The rest of the paper is organized as follows. In Sect. 2, the existing approaches on video steganography are discussed. In Sect. 3, the state of the art steganographic methods are discussed to clearly differentiate the different steganographic methods. In Sect. 4, the proposed Adaptive LSB Encryption with Randomized Encoding Algorithm is discussed. Section 5, contains the experimental results and the comparison of the proposed method with the state-of-the art methods. The comparison in terms of MSE and PSNR is also done between the encoded secret image and the decoded secret image for the proposed method. In Sect. 6, the conclusion and future research directions are described (Fig. 1).

Fig. 1
figure 1

Steganalysis

2 Related work

Monjul Saikia and Vandana Thakur in their paper Saikia and Thakur 2013, “Hiding Secret Image in Video”, describe a data hiding technique to embed the secret message bits in Discrete Cosine Transform (DCT) higher order coefficients. Here they propose a data hiding and extraction procedure for Audio Video Interleave (AVI) videos embedding the secret message bits in DCT higher order coefficients. The secret information taken here is a grayscale image pixel values. The grayscale pixel values are converted to binary values and are embedded in higher order coefficient value of DCT of AVI video frames. A method to hide data in more than one channel can be developed thereby increasing the full data holding capacity of the carrier video.
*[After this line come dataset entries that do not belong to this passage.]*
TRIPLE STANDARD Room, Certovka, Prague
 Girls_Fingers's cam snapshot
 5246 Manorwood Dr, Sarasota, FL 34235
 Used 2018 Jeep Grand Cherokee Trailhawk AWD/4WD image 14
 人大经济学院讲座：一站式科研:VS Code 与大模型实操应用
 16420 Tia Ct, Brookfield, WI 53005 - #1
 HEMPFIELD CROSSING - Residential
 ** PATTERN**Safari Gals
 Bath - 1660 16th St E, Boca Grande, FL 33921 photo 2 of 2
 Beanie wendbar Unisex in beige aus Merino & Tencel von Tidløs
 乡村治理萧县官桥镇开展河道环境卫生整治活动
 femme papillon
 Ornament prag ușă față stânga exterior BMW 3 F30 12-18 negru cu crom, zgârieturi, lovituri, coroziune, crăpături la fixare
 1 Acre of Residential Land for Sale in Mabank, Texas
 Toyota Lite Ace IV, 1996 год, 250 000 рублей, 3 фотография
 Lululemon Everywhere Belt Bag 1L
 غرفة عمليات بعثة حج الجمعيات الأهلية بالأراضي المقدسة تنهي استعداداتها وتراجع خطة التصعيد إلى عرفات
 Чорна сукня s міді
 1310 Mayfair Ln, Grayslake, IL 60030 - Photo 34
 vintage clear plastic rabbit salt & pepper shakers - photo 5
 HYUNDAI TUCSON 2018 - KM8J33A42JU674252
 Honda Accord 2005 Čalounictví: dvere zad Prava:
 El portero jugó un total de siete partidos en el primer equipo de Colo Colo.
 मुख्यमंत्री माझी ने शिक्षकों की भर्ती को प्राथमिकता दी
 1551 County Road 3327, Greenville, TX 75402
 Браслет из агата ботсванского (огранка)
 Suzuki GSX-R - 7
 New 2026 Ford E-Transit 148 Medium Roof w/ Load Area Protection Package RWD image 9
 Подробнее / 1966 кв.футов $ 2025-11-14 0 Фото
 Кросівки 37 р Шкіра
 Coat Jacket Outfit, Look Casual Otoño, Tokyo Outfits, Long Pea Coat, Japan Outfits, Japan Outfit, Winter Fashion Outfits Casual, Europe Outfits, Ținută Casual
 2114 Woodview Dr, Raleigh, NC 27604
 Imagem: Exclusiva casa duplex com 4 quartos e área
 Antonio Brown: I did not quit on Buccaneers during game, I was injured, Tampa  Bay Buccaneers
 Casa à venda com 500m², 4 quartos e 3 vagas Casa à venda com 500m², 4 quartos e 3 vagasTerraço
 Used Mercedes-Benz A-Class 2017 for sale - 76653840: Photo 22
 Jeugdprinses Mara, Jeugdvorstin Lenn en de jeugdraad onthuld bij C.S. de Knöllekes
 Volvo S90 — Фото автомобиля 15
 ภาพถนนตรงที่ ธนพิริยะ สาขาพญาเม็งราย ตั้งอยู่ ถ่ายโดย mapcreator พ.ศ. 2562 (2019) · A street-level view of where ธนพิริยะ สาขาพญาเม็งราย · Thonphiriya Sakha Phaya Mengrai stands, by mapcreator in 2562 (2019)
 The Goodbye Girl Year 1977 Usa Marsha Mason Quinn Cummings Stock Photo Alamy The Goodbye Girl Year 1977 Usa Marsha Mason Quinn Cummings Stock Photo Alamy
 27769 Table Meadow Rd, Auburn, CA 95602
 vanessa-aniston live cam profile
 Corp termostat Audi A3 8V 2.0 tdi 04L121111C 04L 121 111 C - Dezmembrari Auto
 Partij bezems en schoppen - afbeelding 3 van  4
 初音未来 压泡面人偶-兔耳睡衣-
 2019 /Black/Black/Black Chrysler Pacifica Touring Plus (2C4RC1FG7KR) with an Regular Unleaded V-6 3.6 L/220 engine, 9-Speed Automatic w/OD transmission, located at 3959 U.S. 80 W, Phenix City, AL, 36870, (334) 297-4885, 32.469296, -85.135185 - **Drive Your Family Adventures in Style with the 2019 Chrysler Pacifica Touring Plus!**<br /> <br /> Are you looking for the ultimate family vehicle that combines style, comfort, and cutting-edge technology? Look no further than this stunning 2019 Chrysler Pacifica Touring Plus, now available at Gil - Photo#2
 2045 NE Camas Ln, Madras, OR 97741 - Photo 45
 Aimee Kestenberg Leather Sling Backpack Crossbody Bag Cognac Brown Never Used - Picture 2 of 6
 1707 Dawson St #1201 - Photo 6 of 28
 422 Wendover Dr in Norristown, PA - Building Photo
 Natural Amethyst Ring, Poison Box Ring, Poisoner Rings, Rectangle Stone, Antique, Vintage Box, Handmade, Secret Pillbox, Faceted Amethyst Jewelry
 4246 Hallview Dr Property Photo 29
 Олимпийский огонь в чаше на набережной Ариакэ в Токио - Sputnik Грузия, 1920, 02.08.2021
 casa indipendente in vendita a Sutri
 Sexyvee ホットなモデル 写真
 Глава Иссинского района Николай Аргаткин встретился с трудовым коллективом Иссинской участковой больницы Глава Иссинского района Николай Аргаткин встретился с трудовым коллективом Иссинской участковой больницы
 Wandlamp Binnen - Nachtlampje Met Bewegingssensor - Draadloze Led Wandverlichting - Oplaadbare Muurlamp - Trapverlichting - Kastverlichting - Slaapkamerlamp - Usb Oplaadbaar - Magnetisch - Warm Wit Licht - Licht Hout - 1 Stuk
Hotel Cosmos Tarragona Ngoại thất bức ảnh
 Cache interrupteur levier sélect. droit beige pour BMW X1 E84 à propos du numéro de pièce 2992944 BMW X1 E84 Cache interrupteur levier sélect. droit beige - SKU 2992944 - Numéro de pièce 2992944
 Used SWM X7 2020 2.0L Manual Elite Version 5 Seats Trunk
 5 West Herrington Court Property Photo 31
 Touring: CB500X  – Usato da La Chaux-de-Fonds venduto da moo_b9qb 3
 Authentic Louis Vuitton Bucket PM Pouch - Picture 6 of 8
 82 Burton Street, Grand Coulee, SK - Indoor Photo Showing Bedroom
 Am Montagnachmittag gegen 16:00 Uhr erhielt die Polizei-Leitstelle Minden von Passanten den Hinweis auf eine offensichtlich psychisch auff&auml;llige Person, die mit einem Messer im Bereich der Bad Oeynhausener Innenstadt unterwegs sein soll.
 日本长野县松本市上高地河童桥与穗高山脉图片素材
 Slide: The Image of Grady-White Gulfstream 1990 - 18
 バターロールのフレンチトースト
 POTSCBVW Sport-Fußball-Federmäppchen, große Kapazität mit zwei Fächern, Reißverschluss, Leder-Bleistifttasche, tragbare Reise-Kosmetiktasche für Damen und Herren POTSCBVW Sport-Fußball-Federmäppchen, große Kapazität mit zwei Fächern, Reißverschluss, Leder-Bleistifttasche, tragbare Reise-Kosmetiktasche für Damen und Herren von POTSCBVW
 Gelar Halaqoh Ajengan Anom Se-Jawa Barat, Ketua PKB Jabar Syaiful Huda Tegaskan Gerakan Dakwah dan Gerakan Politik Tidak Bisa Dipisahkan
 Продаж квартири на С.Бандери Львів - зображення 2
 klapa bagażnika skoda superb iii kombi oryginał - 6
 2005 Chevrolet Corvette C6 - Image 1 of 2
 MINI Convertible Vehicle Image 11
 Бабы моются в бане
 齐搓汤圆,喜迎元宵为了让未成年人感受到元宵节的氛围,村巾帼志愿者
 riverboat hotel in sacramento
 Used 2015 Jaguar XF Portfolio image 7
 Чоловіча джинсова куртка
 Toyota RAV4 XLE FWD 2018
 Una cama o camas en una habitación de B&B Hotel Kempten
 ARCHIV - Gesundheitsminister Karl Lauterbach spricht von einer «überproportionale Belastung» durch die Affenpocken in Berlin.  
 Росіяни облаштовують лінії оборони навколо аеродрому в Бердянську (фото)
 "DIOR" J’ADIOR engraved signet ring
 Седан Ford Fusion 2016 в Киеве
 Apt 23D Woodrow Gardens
Saeed Sarreshtedari and Mohammad Ali Akhaee proposed the “One-third probability embedding: a new + 1 histogram compensating image least significant bit steganography scheme”. In this, compared to the recently proposed image steganography techniques, the new method called one-third LSB embedding reduces the probability of change per pixel to one-third without sacrificing the embedding capacity (Sarreshtedari and Akhaee 2013). This improvement results in a better imperceptibility and also higher robustness against well-known Least Significant Bit (LSB) detectors. Bits of the message are carried using a function of three adjacent cover pixels. It is shown that no significant improvement is achieved by increasing the length of the pixel sequence employed. A closed-form expression for the probability of change per pixel in terms of the number of pixels used in the pixel groups has been derived. Another advantage of the proposed algorithm is to compensate, as much as possible, for any changes in the image histogram. A level k expression to predict the probability of change per pixel has to be developed thereby increasing the cost efficiency. Jiangqun Ni, Linjie Guo and Yun QingShi devised the “Uniform embedding for efficient JPEG steganography” in which a class of new distortion functions known as Uniform Embedding Distortion function (UED) is presented for both side-informed and non side-informed secure Joint Photographic Experts Group (JPEG) steganography (Ni et al. 2014). By incorporating the syndrome trellis coding, the best codeword with minimal distortion for a given message is determined with UED, which instead of random modification, tries to spread the embedding modification uniformly to quantized Discrete Cosine Transform (DCT) coefficients of all possible magnitudes. In this way, less statistical detectability is achieved, owing to the reduction of the average changes of the first-order and second-order statistics for DCT coefficients as a whole performance. While the UED proposed in their paper could by no means tackle all issues, it raises a quite challenging open question, that is how to evaluate the embedding costs of all possible DCT coefficients (including DCs, zero and non-zero ACs) based solely on the coefficients in the DCT domain for JPEG steganography, which remains as the topic of their future research effort.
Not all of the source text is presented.